:: Data ::
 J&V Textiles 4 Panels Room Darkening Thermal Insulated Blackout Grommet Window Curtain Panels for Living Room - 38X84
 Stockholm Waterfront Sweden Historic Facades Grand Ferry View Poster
--
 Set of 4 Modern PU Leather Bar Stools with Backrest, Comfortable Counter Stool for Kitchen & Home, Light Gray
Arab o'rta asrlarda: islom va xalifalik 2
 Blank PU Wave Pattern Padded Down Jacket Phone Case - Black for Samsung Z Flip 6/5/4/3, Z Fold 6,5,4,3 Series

:: Your assignment ::
Return the span of lines in the data above that opens at the line with "J&V Textiles 4" and closes at the line with "Stockholm Waterfront Sweden", exactly, ends included, nothing else.

:: Solved problem ::
 J&V Textiles 4 Panels Room Darkening Thermal Insulated Blackout Grommet Window Curtain Panels for Living Room - 38X84
 Stockholm Waterfront Sweden Historic Facades Grand Ferry View Poster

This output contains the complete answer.